### PROBLEM STATEMENT:
The reply must contain exactly the lines below from the one with "2023 Fall and" down to the one with "Vista 3 de Aimuan", both included, and nothing more; please omit the pictures.

### EXERCISE DATA:
------------

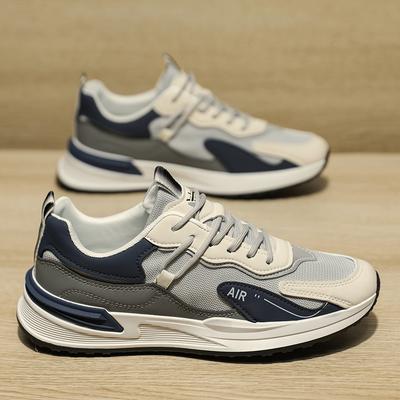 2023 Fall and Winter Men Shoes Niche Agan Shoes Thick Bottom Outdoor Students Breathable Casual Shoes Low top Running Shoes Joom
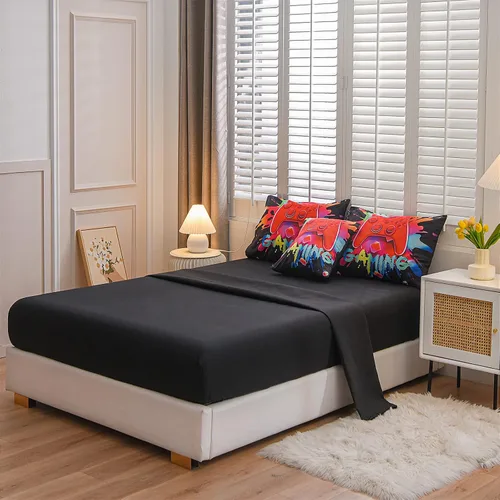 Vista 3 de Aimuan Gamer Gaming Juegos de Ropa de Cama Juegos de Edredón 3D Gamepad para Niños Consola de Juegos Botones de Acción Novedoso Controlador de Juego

------------

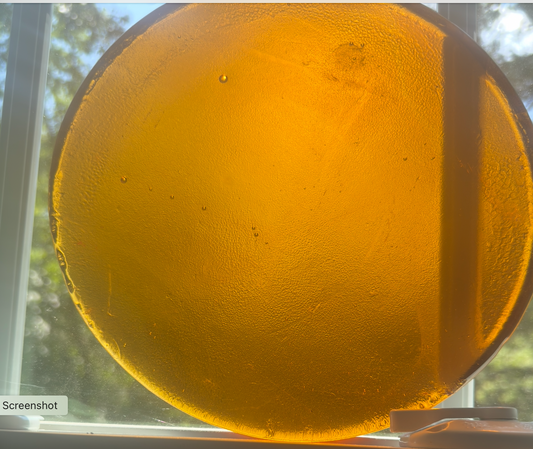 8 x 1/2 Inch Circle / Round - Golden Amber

------------

### WRITTEN REPLY:
 2023 Fall and Winter Men Shoes Niche Agan Shoes Thick Bottom Outdoor Students Breathable Casual Shoes Low top Running Shoes Joom
 Vista 3 de Aimuan Gamer Gaming Juegos de Ropa de Cama Juegos de Edredón 3D Gamepad para Niños Consola de Juegos Botones de Acción Novedoso Controlador de Juego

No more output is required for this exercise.